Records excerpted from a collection
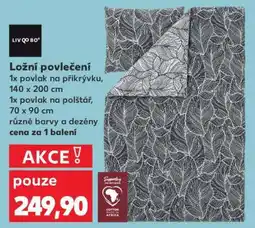 Kaufland LOŽNÍ POVLEČENÍ nabídka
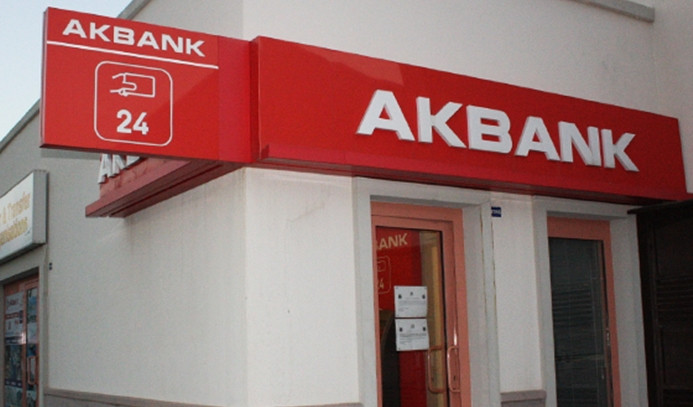 Akbank, aktifleri yüzde 17 artırdı
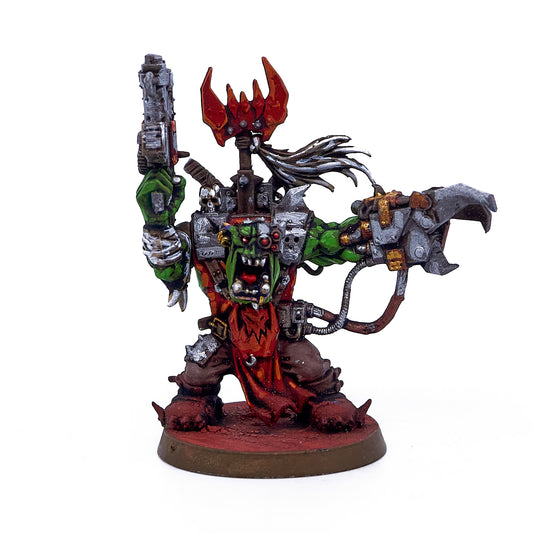 Orks - Warboss (11268-V) - Used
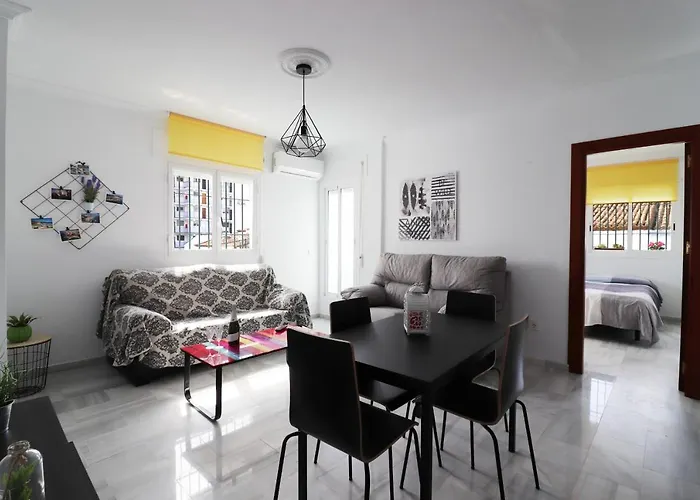 Дом отдыха Casa Evelyn By Spainsunrentals 1028 *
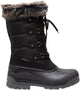 Stivali da neve Antartide 907 da donna - nero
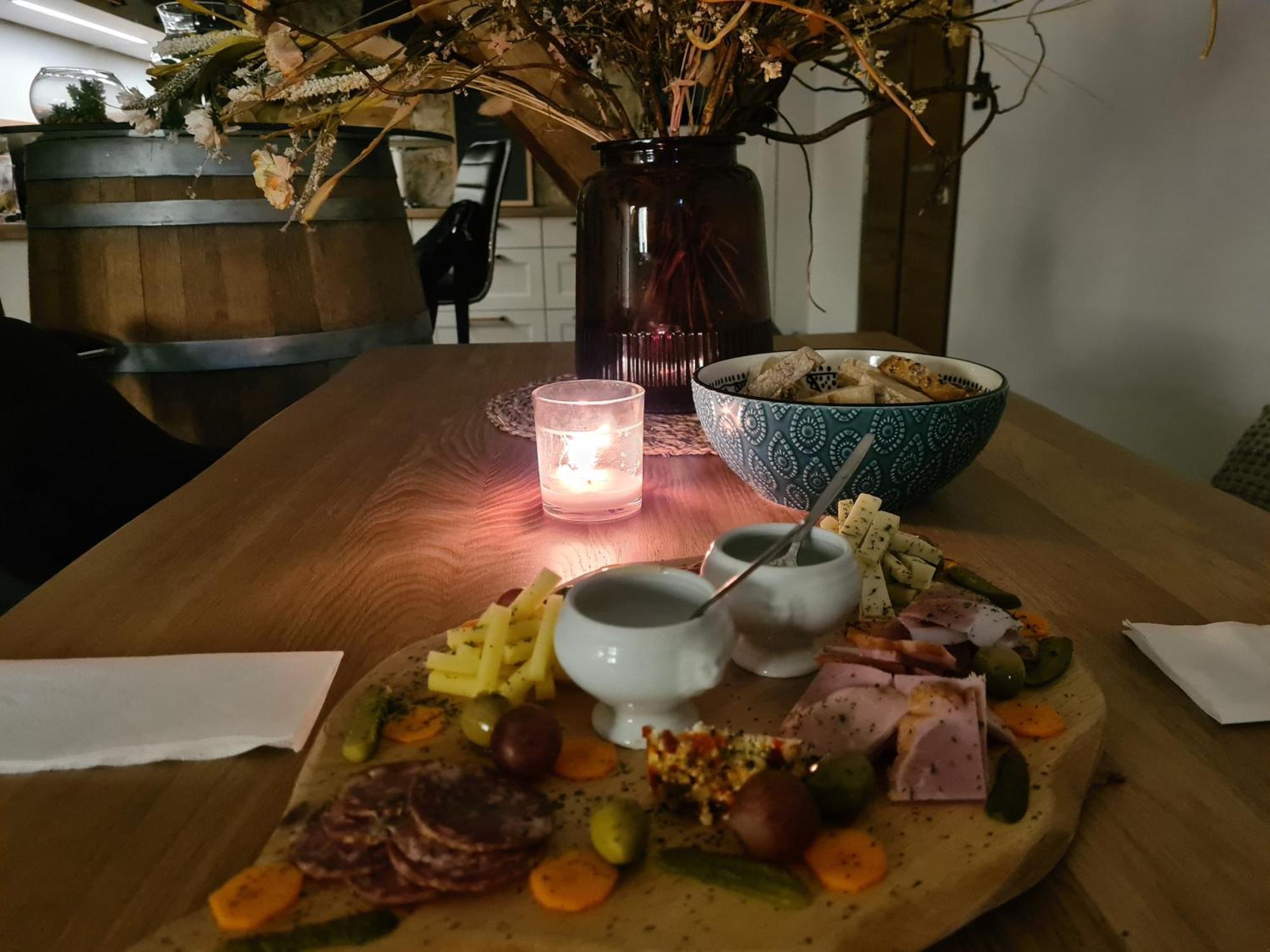 La Melusine - Du Souffle Du Saule Bed & Breakfast Buhl-Lorraine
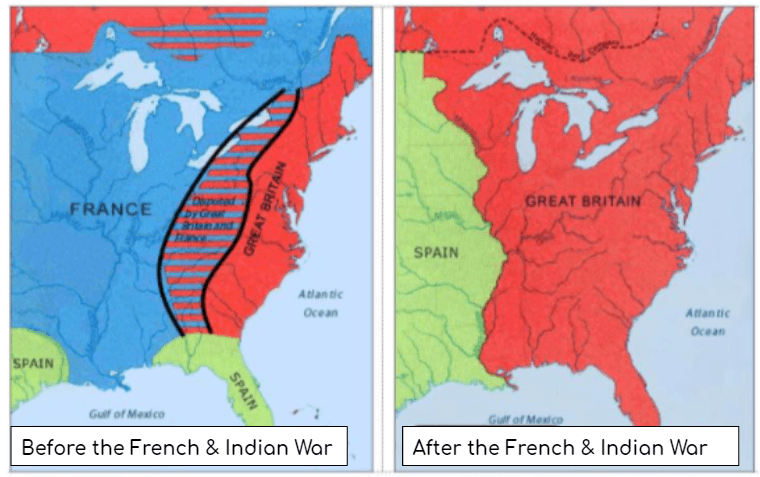 Causes & Effects of the French & Indian War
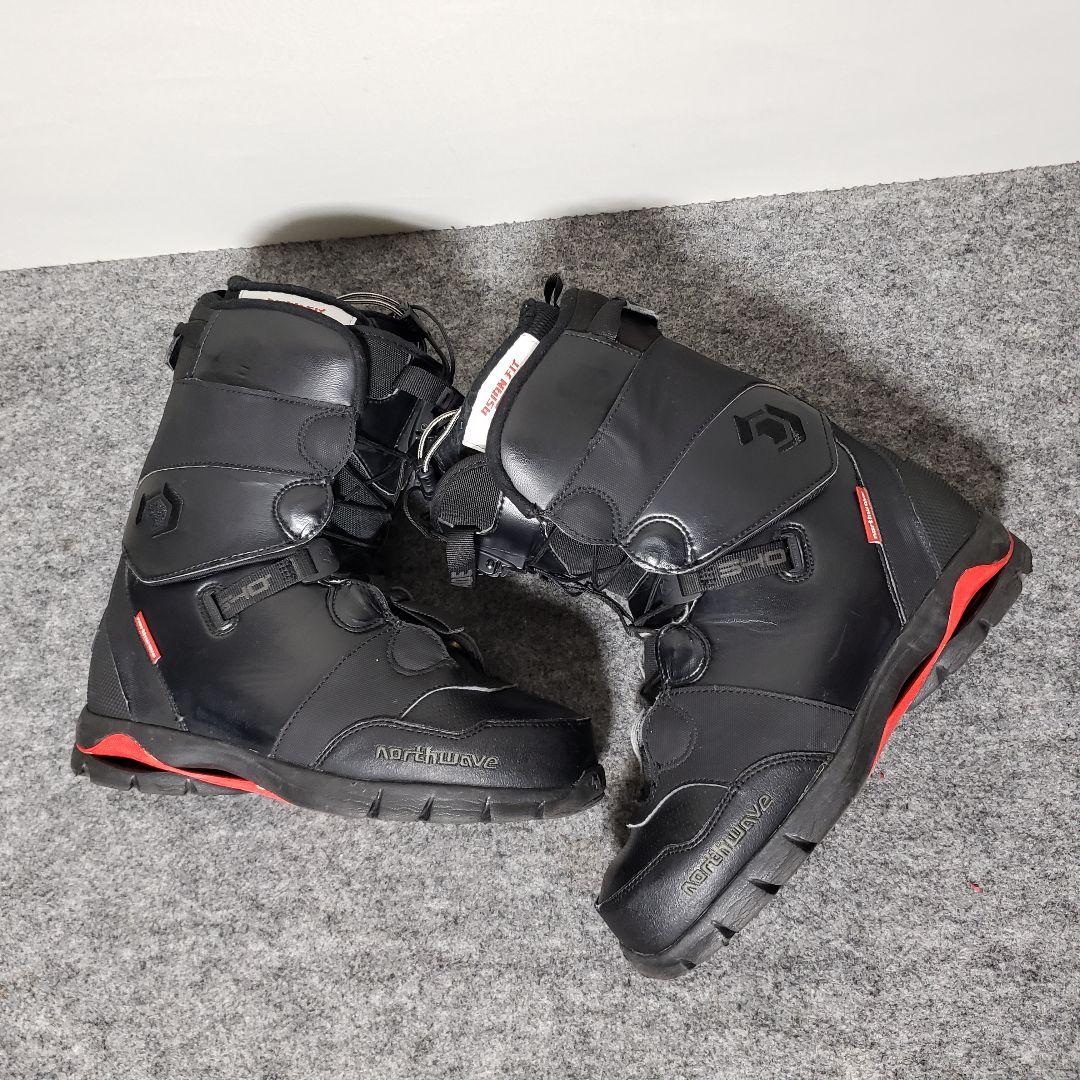 northwave DECADE 27.5cm スノーボードブーツ
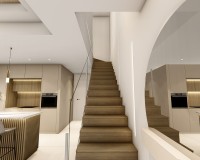 Nouvelle construction - terraced - Ciudad Quesada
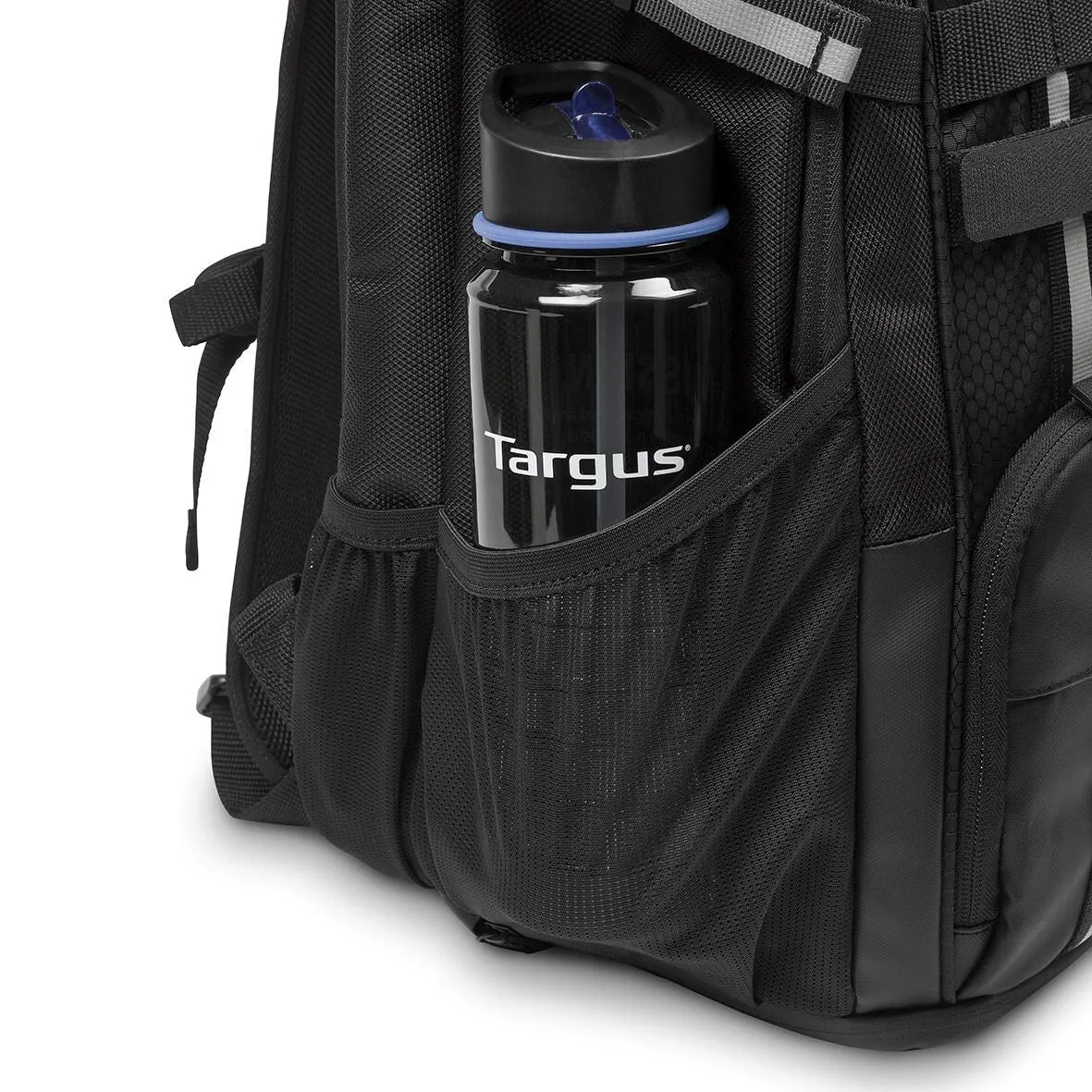 Targus TSB949EU backpack Black Nylon, Polyurethane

= What you will do =
Return only the line with "La Melusine - Du" and the lines after it up to the end of the records, exact and free of pictures.

= Answer box =
 La Melusine - Du Souffle Du Saule Bed & Breakfast Buhl-Lorraine
 Causes & Effects of the French & Indian War
 northwave DECADE 27.5cm スノーボードブーツ
 Nouvelle construction - terraced - Ciudad Quesada
 Targus TSB949EU backpack Black Nylon, Polyurethane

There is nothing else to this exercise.